UD: If there are questions about how accurate the models are, I suppose that could lead people to suggest that that’s some kind of real-world testing is necessary.

RB: Yes, absolutely. And I think that’s actually where we’re at, now, in terms of this whole debate. We’ve had quite a lot of research in the social sciences and the natural sciences modeling work over the last decade or two, and I think this is one of the things that’s underpinning this new resurgent interest in the area: If we are going to make progress in this space, and figure out whether or not it is something that we may or may not want to do, then we’re going to have to start doing some kinds of experiments.

That’s actually what this project that I’m involved in is — it’s a European funded project, where we’re going to be trying to look at this exact question as to how, if at all, we can proceed with doing experiments in a responsible way.

UD: Tell me about that project.

RB: We’re working within the frame of an area called “responsible innovation,” where we’re trying to address things that we know are areas of significant concern across different types of new science and technology. So you look at all sorts of different controversial areas, like AI or biotechnology, climate technologies, there’s all sorts of things. The same kinds of concerns from people tend to come up time and again.

And so this framework we’re using is all about trying to address these concerns, anticipating the kinds of impacts that might come from using these technologies. Thinking about the different ways in which the research might be framed as well. Obviously, the way in which you frame your research questions will frame the kinds of answers that you get out of it. And that speaks as well to the modeling — the kinds of questions that you ask, the information you put into your research, will pretty much determine what comes out the other end.

Another key aspect of this work is, and this is the work I’m leading on, is societal engagement stuff. So we’re trying to get a wide range of voices involved in thinking about this. I suppose, to date, the whole debate has been very dominated by a quite a small clique of individuals in the natural and social sciences, who have basically been having this debate for 15 years or so. And often you’ll find that they make claims on behalf of other people, quite often vulnerable communities or the Global South in particular.

It’s argued that solar geoengineering could offer a way of alleviating some of the risks and harms that are being posed to those who are most vulnerable to the effects of climate change. But at the same time, you could argue that this technology could place those very same people at elevated risk from the use of this technology, and the different impacts that it might bring about.

But very few people have actually gone to these communities to ask them what they think. So that’s one of the things we’re quite keen to do — to really broaden this conversation.

UD: It seems like the very idea of geoengineering is international. What rules or laws ought to govern it?

RB: This area has been described as being a kind of governance black hole.
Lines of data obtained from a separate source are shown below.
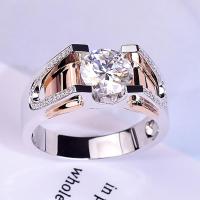 ราคา Rose Gold Platinum Two Tone Ring Imitation Moissanite Ring Punk Rough Personality Mature Domineering Horn Ring (21500356053)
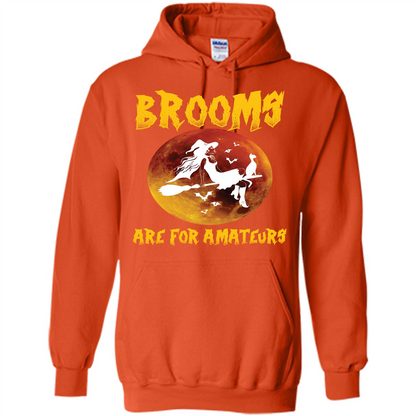 Halloween T-shirt Brooms Are For Amateurs T-shirt Orange
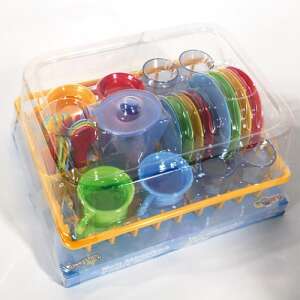 Playgo 30-dielna farebná sada na hranie v kuchyni, obsahuje poháre, taniere, kanvicu a mnoho ďalších - Playgo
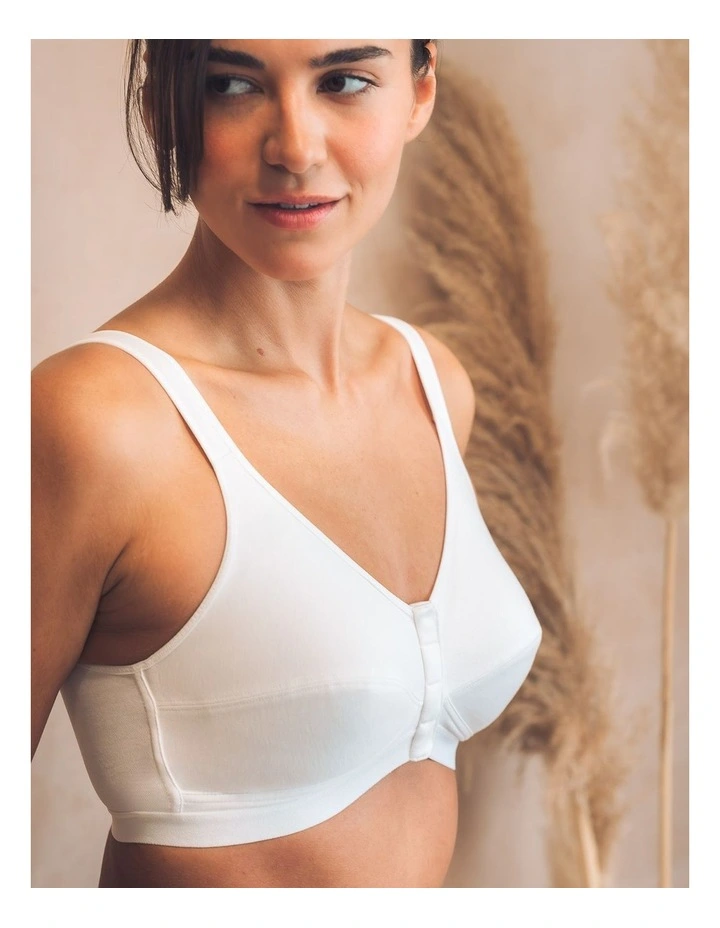 Comfi Cotton Wirefree Press Stud Front Open Bra in White image 4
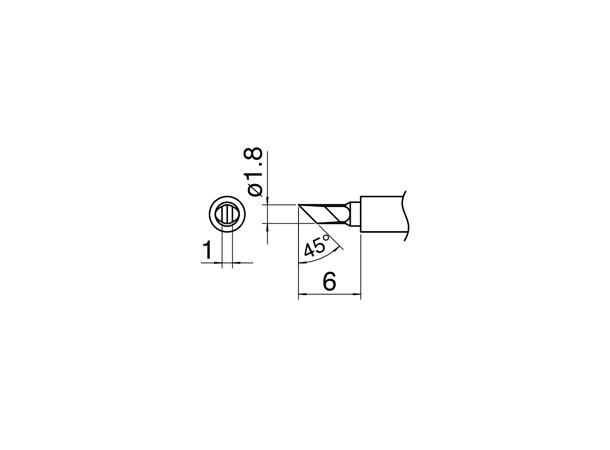 Loddespiss For Hakko FM2032 - T30 1,8x1mm, 6mm - 45°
So there is there is a need for governance here, and it’s a very contested space. You may have seen in the last couple of years, there’s been whole debates around whether or not there should be a ban, certainly on deploying solar geoengineering technology, but also whether or not there should be a ban on doing even research.

It’s a very contentious area. I can kind of see both sides of the argument. I think one thing most people would agree on is that there should be a moratorium or a ban on immediate deployment, because I think everyone would agree we just don’t know enough about the effects yet to be able to do it at a global scale.

That said, when it comes to research, it’s much more divisive. On the one hand, people argue that if we don’t research this, then we’ll remain ignorant about what we’re currently ignorant of. And on the other hand, people would argue that remaining ignorant about these things would save us from the folly of pursuing something as outlandish as solar geoengineering.